We get asked all the time by other TEDx organizers what our financial model is. We’re thrilled to share it here as we’ve worked hard the last few years to figure what will work best.
We have a special fund at the Columbus Foundation, our community foundation, set up to receive contributions from individuals and corporations that want to support TEDxColumbus. COSI, our local center of science and industry (think children’s museum meets awesome science center) then acts as our fiscal agent, receiving the money from the TEDx Fund and also ticket sales. They in turn, pay all the expenses for the event.

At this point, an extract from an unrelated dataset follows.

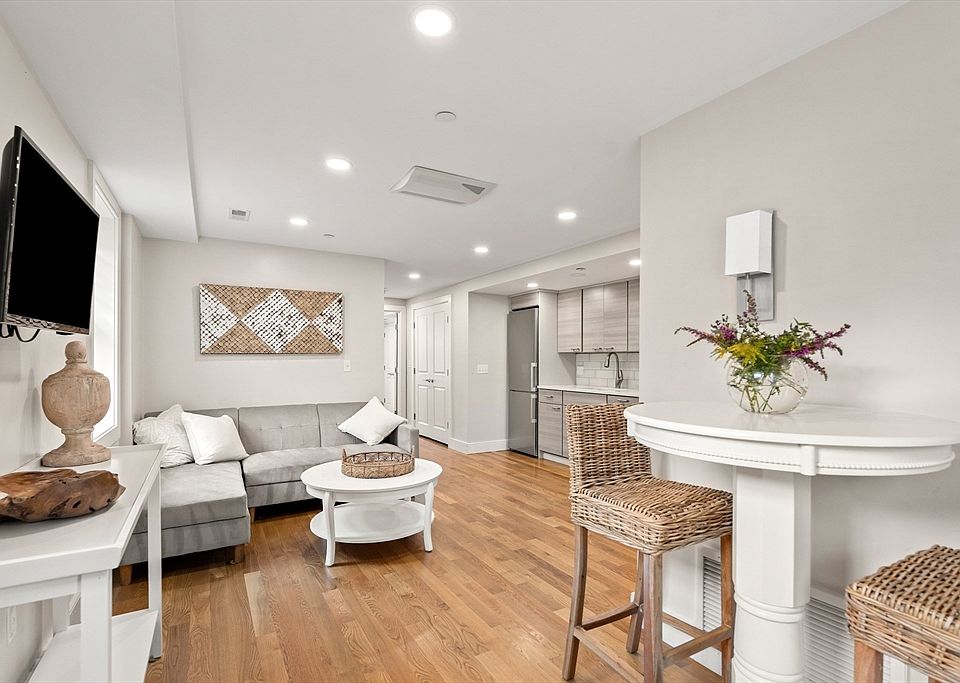 1st image of 8 Hale St Unit 1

We aim for our expenses for our event match our income. Our major line-items include technology and production; event staging, lighting and sound; food for attendees; parking and printing. We get a massive amount of goods and services donated – such as all of our creative, photography, web support, animation and mobile application. We have a special grant that underwrites basic event coordination expenses which allows the event to be sustainable and is applied to web updates, speaker coordination, sponsorship fulfillment, ticket monitoring, volunteer oversight, vendor coordination and social media and community engagement. At the end of the event if we have overage (income exceeds expenses), we apply it to next year’s event and/or our minimal expenses on our viewing events (TEDGlobal, TEDxChange, TEDxWomen, TEDxKids) and our ongoing outreach efforts (Follow This, our blog, and Readers’ Roundtable, our book outreach series).
Many communities are still at a loss on how to organize with a fiscal agent. As COSI as our host, we are blessed with a symbiotic relationship which helps manage our back-office at no additional cost to us, while allowing us to focus on curating the best event possible.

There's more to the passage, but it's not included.